Austrian Organization for BAR: The organization of the Austrian infantry has been somewhat perplexing at times, with the size of the battalion ranging from as low as 512 men to as high as 840 men. Some of the army returns prior to the battle of Leuthen in 1757 indicate that the average battalion size before Leuthen was around 500 men. In BAR, we often use 600 men as the generic size of a battalion regardless of its nation. This is a good number to use for organizing wargame armies.

In Christopher Duffy's book "Instrument of War, The Austrian Army in the SYW", he states that the infantry battalion was subdivided into 16 Zuges. These, in turn, were organized into 8 half divisions and then into 4 grand divisions. Duffy indicates that the grand division had 128 privates, or 512 rank and file in the battalion. On pages 402-403 of the Duffy book, there is a diagram of the battalion in the field and I counted roughly 51 officers and other supernumeraries and 6 artillerists manning the battalion gun. So that gets us up to 569 men of all ranks. That is a far cry from the 840 men in the "official establishment" at the start of the SYW. I used 540 men as the standard for my Austrian organization: 4 grand divisions of 12 figures in 3 ranks, and one command stand of 6 figures (2 standards, 2 officers and 2 drummers).

The standards are GMB Designs of course and the figures come from Crusader, Front Rank, Warrior, and RSM. Now some figures are taller than others, while some are thin versus some being more chunky. I think that as long as you keep a battalion limited to all figures of one brand, that you can mix different sized figures on your wargame table with the BAR rules. When you are dealing with 54 to 60 figures in a battalion, the mass of the overall size seems to trick the eye into thinking that there is no discernable difference in the size of the figures. So Der Alte Fritz says, "use them all!"

Saturday, September 1, 2007

Reinforcements Have Arrived

Potsdam Miniatures (painted by Der Alte Fritz)

Der Alte Fritz would like to introduce everyone to one of his newest regiments, the Alt Braunschweig (IR5) regiment, which was stationed at Magdeburg during peace time. According to Christopher Duffy, the regiment was "solid and well disciplined. Distinguished at Liegnitz". Its two grenadier companies were paired with those of the Bornstedt Regiment (IR20) to form the composite grenadier battalion Jung-Billerbeck. Both parent regiments and the composite grenadier battalion were highly regarded by Frederick and they were frequently a part of the King's own Royal Army that accompanied him on his campaigns.

The Prussian system of naming regiments may seem confusing at first as we often referred to a regiment by either a number, such as "IR5" (which stands for Infantry Regiment No. 5) or by the name of its "Inhaber", which in the case of IR5 is the Duke of Brunswick, hence the name "Alt-Braunschweig. Sometimes the another member of the same family would be an inhaber of another Prussian regiment, in which case it would be referred to as "Jung Braunschweig" (IR39 - a fusilier regiment in this example). During the Seven Years War, the regiments were referred to by the Inhaber's name. The use of the regimental number was implemented long after the conclusion of the SYW.

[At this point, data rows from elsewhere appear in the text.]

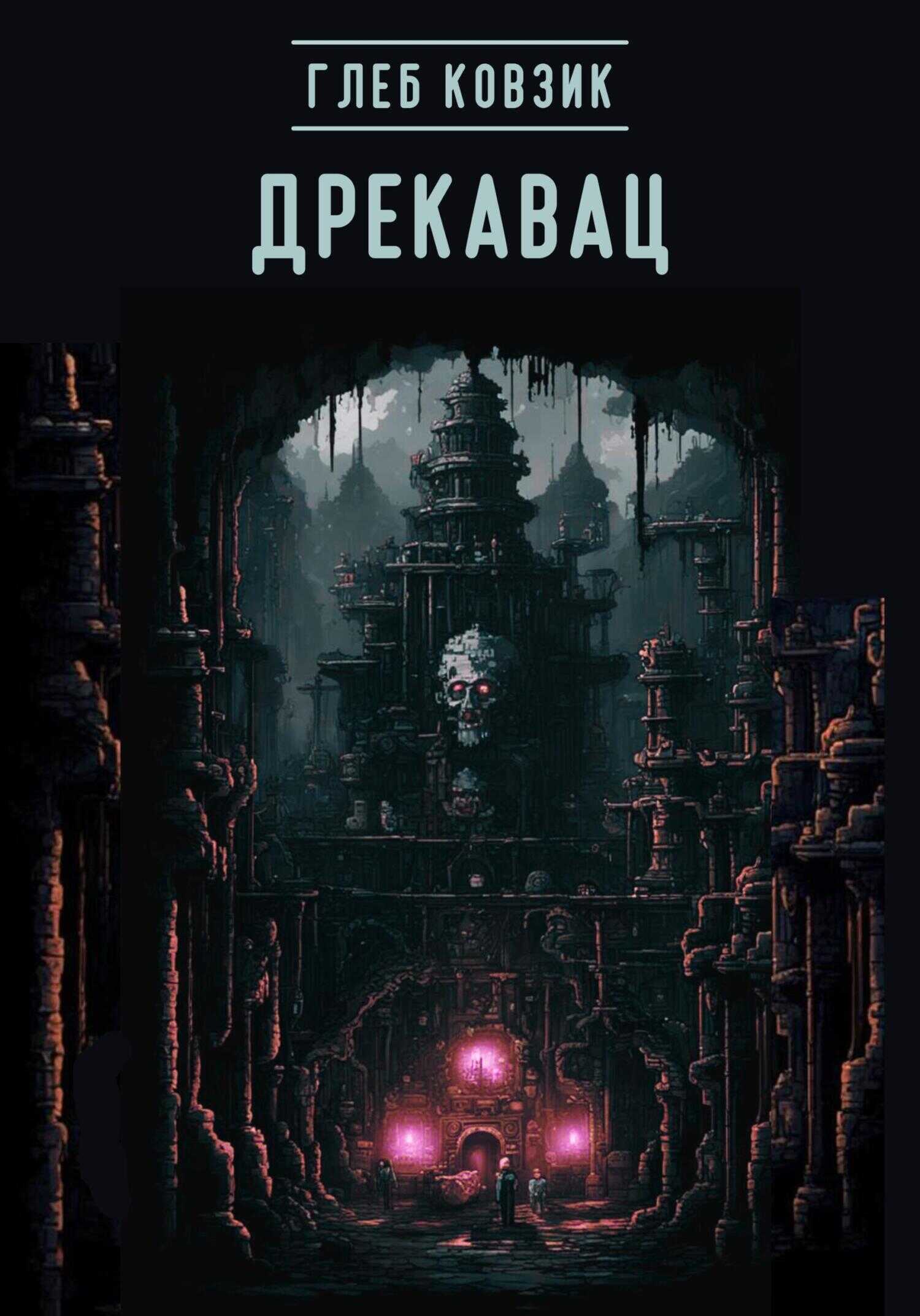 Дрекавац - Глеб Ковзик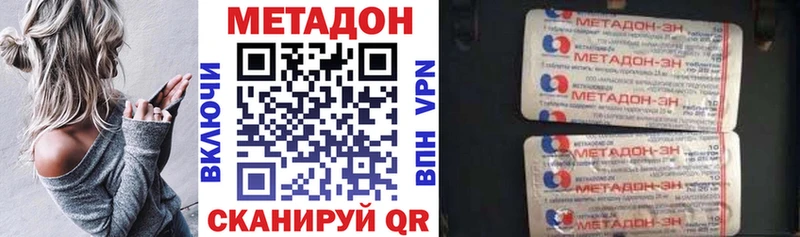 МЕТАДОН кристалл  Купить где  Дудинка 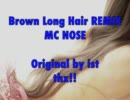 【MC NOSE】Brown Long Hair REMIX【ニコラップ】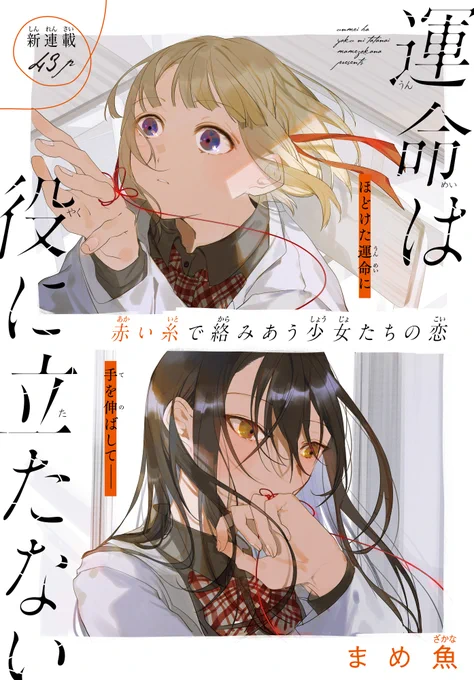 運命の赤い糸が見えるようになった世界(1/11)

The figures shown in the pictures above are from my own range of figures that I had commissioned recently. They are approximately 32mm to 34mm tall from the bottom of the foot to the top of the head, and they are designed to be compatible with the Stadden figures. As some of you may be aware, I like firing line poses, because this is what soldiers did once they were engaged in battle: they fired at each other. I do like the stately and traditional march attack pose too, but there has always been a dearth of firing figures for this period and making my own figures seemed to be the best way to handle the need for such figures. The flags shown on the regiment are from GMB Designs. They are simply the best flags available on the market. With product this good, why bother hand painting your own flags anymore. I know that I could not do a better job myself. Boy, I wish that these flags had been available 20 years ago when I first started gaming.

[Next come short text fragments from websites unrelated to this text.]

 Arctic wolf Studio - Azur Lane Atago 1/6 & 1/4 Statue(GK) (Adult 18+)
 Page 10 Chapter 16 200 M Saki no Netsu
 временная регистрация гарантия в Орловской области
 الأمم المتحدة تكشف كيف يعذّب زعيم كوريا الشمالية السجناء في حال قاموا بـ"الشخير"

The figures are designed to fit together to form a 3-rank firing line with the front rank kneeling at the ready, the second rank is standing firing, and the third rank is standing at the ready. One could also depict a 2-rank line with maybe the front rank kneeling and the second rank firing, or the front rank standing firing and the second rank standing at the ready, or even two ranks standing at the ready. So there is a lot of flexibility in my poses. The officer standing holding his sword is taken from a Menzel drawing showing the officer in the front rank, staring down the firing line to make sure that everyone is in his proper place. The drummer pose is also taken from one of the Menzel plates. I particularly like the NCO pose, a stern looking feldwebel standing at attention and looking to his right as if to inspect the lads. The "kurzgewehr" or pike is cast onto the figure and is particularly strong and won't break off.

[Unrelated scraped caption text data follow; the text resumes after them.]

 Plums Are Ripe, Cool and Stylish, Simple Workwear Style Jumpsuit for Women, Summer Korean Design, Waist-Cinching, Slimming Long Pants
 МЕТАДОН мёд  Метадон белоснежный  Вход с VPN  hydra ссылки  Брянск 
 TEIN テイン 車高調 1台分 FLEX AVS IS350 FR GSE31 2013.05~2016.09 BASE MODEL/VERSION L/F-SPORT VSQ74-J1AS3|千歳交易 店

The figure range also includes a standard bearer, which you can see in the back row of the the first picture on this page (click on the picture to enlarge). His hands are open and it is really easy to affix a wire flag pole into his hand so that it won't fall off or bend. This has always been one of my pet peeves about standard bearers -- they often require a lot of work drilling a hole out in the hands, or else there is not enough metal to secure the flag pole in the figure's hands. I don't have such problems with my figures.

The overall design philosophy for these figures, which I call "Potsdam Miniatures", is to replicate the elegant, graceful style of such figures as Stadden, Suren, Elite Miniatures and RSM. The figures have a natural look to them, i.e. they look like real people, only in miniature form, because the figure proportions are correct. These stand about 6 to 7 heads high which is the proper proportion of a human being. The heads are not oversized nor do we allow the hands to look like baseball mitts. So you won't be able to paint every single knuckle on these lads because you wouldn't be able to see the knuckles in the first place, if they were real people.

I think that the figures paint up very nicely. See the close up examples of the drummer and the man kneeling. I black prime undercoat and then paint the whole figure with acrylic black paint to give all the black bits (tricorn, gaitors, cartridge box) a more natural look. Then dark blue is painted over the uniform coat and then dry brushed with a lighter shade of blue. I think that dry brushing has a more natural look to it than other painting methods, but that is just my personal preference. The breeches and waistcoat were done with two shades of yellowish tan, to effect the "straw" color that was used for this regiment. The turnbacks also used two tones of red. My favorite paints are the Iron Wind Metals (IWM) and the Reaper Paints.

I finished off the figures by attaching them to a 1" square metal base for our BAR rules system. The metal base is painted a dark color (or save a step by priming the figure already attached to the metal base) so that shiny bits don't show through the edge of the base. Then, I use Red Devil Pre-mixed Spackel Compound to terrain the base. You just mix in the desired color of paint until the spackel looks like chocolate pudding, and then slather the goop around the base. While this is still wet, I next sprinkle on some fine railroad ballast and then sprinkle a littel bit of Woodlands Scenics "burnt grass" flock (use fine instead of course) on the stand. After a couple of hours, the spackle will have dried and then I spritz them with Dullcoat for protection.

I also have a similar set of poses for the grenadiers in firing line and I'm currently working on the 5/20 grenadier battalion that goes with IR5 and IR20. I hope to be able to add artillery crew and march attack poses next year, and perhaps some compatible Austrians to provide the noble opposition. Eventually the figures will be available for retail sale, but we are still working out some kinks and bottlenecks in the molds and the casting process. But overall, Der Alte Fritz is quite pleased with his new recruits and plans to add more for the coming campaign.